We are pleased to announce the publication of our latest book: Digital Innovations for a Circular Plastic Economy in Africa. The first thing to say about the book is that it is Open Access, freely available to be downloaded here: There is also an option to order the print version from the publisher here. Edited by Dr Muyiwa Oyinlola and Professor Seun Kolade, the book’s 16 chapters are organised into three sections: Environment for Digitisation in the Circular Plastic Economy; Digitisation in Action; and a Digitally Enabled Circular Plastic Economy.
The first section addresses a wide range of important issues, including the need for enabling and enforceable policies, ideas for working through otherwise fragmented governance and regulatory processes, the imperative of a whole value chain and lifecycle perspective for systemic solutions, and an ecosystem approach that brings together stakeholders from various sectors.
The second section digs deeper into operational and context-specific issues relating to the deployment of digital innovations in Africa’s circular plastic economy. It highlights specific Industry 4.0 technologies such as 3D printing and blockchains and the opportunities they offer to drive the circular plastic agenda on the African continent. It also provides incisive and insightful explications of sub-regional challenges and peculiarities, from West to East and Southern Africa.

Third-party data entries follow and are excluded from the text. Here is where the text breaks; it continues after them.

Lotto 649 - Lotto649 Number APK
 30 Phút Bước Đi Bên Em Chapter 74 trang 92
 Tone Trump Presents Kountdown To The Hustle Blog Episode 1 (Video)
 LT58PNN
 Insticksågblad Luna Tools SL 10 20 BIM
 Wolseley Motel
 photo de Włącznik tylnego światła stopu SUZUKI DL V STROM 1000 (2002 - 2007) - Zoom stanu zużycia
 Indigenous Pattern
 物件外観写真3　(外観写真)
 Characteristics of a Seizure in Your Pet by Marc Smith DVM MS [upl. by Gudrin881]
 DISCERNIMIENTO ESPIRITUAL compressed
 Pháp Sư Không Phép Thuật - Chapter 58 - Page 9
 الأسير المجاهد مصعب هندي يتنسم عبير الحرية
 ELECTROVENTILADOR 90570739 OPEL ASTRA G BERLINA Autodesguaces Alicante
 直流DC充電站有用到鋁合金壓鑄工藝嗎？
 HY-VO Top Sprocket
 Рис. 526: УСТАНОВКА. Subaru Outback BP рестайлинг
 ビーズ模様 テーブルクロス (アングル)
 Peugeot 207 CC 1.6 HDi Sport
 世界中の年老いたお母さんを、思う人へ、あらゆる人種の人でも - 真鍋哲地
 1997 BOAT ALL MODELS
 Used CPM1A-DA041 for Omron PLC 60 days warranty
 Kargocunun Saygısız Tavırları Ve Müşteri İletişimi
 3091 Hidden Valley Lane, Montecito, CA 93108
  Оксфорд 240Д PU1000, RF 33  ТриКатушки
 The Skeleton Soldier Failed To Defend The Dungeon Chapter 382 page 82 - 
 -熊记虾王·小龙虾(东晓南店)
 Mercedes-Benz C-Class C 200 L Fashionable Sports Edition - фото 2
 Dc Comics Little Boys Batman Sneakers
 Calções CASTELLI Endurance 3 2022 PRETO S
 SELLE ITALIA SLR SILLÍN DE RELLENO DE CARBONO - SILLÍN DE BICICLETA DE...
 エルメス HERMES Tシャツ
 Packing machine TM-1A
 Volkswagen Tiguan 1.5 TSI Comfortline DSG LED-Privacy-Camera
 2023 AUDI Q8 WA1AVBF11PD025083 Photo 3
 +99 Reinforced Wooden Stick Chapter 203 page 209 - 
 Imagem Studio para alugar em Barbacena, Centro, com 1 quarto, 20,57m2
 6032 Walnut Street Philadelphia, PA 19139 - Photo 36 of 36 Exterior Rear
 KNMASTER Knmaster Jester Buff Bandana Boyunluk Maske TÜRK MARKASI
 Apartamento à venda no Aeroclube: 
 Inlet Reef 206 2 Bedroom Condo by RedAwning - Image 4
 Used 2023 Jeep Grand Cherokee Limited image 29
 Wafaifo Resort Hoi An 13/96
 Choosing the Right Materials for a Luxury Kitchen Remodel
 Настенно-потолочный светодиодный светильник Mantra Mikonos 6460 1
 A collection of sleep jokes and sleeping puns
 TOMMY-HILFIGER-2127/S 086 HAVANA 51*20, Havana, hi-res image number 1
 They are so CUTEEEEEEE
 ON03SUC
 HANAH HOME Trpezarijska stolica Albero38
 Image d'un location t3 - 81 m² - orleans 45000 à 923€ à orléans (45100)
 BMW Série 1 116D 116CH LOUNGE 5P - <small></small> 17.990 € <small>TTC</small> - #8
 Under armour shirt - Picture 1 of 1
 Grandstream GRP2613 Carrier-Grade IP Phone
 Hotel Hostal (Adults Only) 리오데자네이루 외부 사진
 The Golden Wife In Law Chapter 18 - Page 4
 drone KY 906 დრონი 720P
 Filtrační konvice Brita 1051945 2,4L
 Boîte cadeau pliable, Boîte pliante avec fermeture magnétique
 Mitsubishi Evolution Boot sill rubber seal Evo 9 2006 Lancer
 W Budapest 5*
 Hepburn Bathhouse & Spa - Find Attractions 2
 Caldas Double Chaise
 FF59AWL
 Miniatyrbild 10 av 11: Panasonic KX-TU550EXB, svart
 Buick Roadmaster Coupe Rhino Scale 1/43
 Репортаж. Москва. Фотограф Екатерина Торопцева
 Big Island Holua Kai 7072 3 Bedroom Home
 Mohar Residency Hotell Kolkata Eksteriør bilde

The third and final section zeroed in on key conceptual and practical issues, including the need for a data exchange platform, decentralised recycling solutions, and a framework for analysing and bridging infrastructural gaps. Finally, the section concludes with a discussion of the imperative of a gender mainstreaming approach to accelerate the transition to a circular plastic economy in Africa.
Congratulations to our esteemed chapter contributors, who come from a whole spectrum of disciplines, countries and sectors, including multilateral agencies, industry, third sector organisations, and academia across East, West and Southern Africa. We hope this contribution will steer new conversations in the drive towards a circular plastic economy in Africa.